While Moonlight is ultimately a film about Chiron and Kevin, the women give equally impressive turns. Actress Naomie Harris is so fearsomely convincing as Chiron’s hopeless mother that I was genuinely shocked to hear her posh British accent when she spoke about the film at the post-screening Q&A. Equally impressive is Monae, who plays Juan’s girlfriend not as some clichéd, temperamental domestic queen — the likes of which you might see in a Lee Daniels film — but rather as a lovely, understanding women who, in spite of her best intentions, can’t quite see through to Chiron’s buried heart of darkness. She’s the closest thing to a true maternal figure that the boy has: a tragedy that’s made all the more apparent by the ephemeral nature of their interactions with each other.

Moonlight is, above all, a formal triumph: a symphony of brilliant directing, cutting-edge sound design and brave, first-rate performances. Though the film might be too bracingly personal for some, there is no disputing its technical bonafides. Moonlight’s use of music is also, without question, the most innovative of the year. Jenkins’ film re-contextualizes old rhythm and blues numbers that have found their way into today’s hip-hop samples and gives them bracing new life. The film opens with a certain Boris Gardiner tune that was, just this year, flipped into the mournful sample that kicks off Kendrick Lamar’s “To Pimp A Butterfly,” another vital work of art about what it’s like to be black in 2016 America. Later, the filmmakers make scintillating use of Aretha Franklin’s classic “One Step Ahead,” which beat junkies will recognize as the basis for Mos Def’s “Ms. Fat Booty”. There is also Mozart, somehow, as well as a chopped and screwed version of Jidenna’s marauding radio-rap hit “Classic Man,” one that slows the singer’s voice down to an narcotic alien crawl crawl and exposes the song’s lyrics about traditional masculinity as being hollow in an altered context. In moments like this, Jenkins is bridging the gap between the vast and sprawling diaspora of black music: drawing the connective thread of pain and loss that binds spirituals, Motown, the blues and trap music. It’s an incredible feat to witness.

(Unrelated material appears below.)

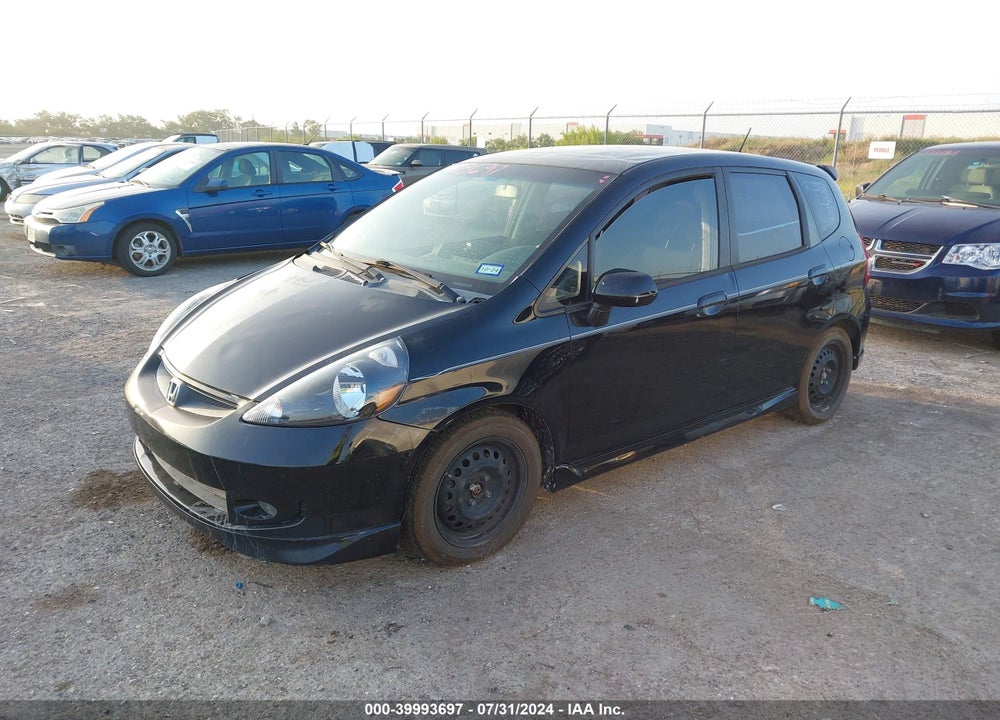 2007 HONDA FIT SPORT VIN: JHMGD38607S033283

We are living in a terrifying time. The dumpster fire of demagoguery that is Donald Trump’s political campaign has made it somehow okay for vindictive white folks to voice their racist, sexist, homophobic and anti-Semitic opinions with impunity, all under the guise of supposedly “telling it like it is”. As a result, we are more divided and fractured as a nation than we have ever been. I do not mean to suggest that Moonlight is a film that will eradicate racism and hatred, or make us forget that Donald Trump’s pathetic bid to be President is an actual, day-to-day threat to democracy. Moonlight, instead, is a reminder of what we as people are capable of. It is a reminder to be always be empathetic, to always be kind, and walking out of the theater, your heart feels richer for having exposed yourself to the experience.

I’m not going say “we are Chiron, and Chiron is us” — that would be disingenuous and offensive to the legions of queer-identifying and African-American citizens for whom this film may act as a kind of lightning rod. What I am saying is there is poetry here. There is unconceivable beauty in this film: in the world it depicts, and the world it reflects as well. And there is light, like the moonlight that illuminates the first tryst of Chiron and Kevin, or the sun speckles that dance off the water where Chiron receives his first swimming lesson and unofficial baptism. Here, there is truth. And isn’t that why we go to the movies in the first place? Grade: A.